Before long they're face-to-face, and he can see muted emotion in her eyes.

He doesn't try hand-to-hand. CQC is something he's good at; he—no, his fath— Big Boss—

…His memories have surpassed her before, but today…

(he holds her and knocks her down, she holds him and knocks him down and breaks him)

…now…

(and he gets up and this is what she wanted isn't it? isn't—?)

…he can't do it.

He won't do it.

(the Patriot is warm in his hand. From being used or from being held, held by her still-warm but slowly cooling hands)

He makes the first move; drops a grenade at her feet and cypher-flies up. She's out of range nearly before he is, but by graceful whirling back rather than leaping.

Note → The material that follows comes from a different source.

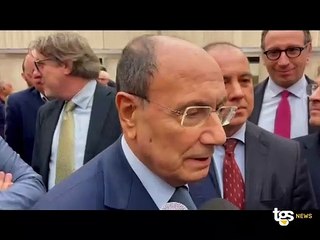 Télécharger la video: Autonomia differenziata, critiche su Palazzo d'Orleans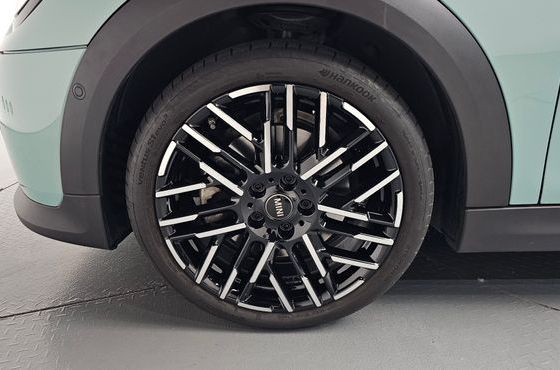 Mini Cooper Favoured — пробег 17 886 км — фото 5 из 5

The mechanics of this place are strange, he wants to tell her, but in the arena he can only choke on his voice.

She pulls out her gun and fires—actual bullets, not explosives.

Some hit. It hurts, but he shrugs it off.

His footsteps echo over the wooden planking at a steady pace, thumping like the heartbeat no-one and nothing here has. He's as far as possible when he shoots the Nikita missiles, half for attack, half just to see.

Her eyes narrow and she tries to dodge, but he just shifts it around and slams it into her back. For a split second he's filled with sick horror, but then he remembers that this is nothing.

She flies and hits the wood hard. He steps toward her and simply waits for her to understand.

And understand she does. In her own way, at least.

As he falls under the rushing current, Snake thinks, bemused, I should've expected this.

/-/-/-/

He fights his comrades and assists his enemies and vice versa, like always. It means nothing now. Because there's nothing else.

Because there's everything else.

…Nobody has beat her yet.

He catches a few matches. They all lose within one minute, generally less.

He sees Bowser stomping away, Ganondorf's icily furious demeanor, Mario's bemused smiles, Luigi's terror and awe. She's the talk of This World, more than anything else.

It's almost 's up to him to surpass her (again, and for the first time).

He speaks to Hal on the CODEC, to remind himself that he is Dave, he is not Big Boss, that he doesn't have to do it if he doesn't want to.

"I'm going to do it anyway," he quietly states, (but he's thinking I haven't been with you in years, how do I— how do you know who I am anymore?) and Otacon doesn't try to dissuade him.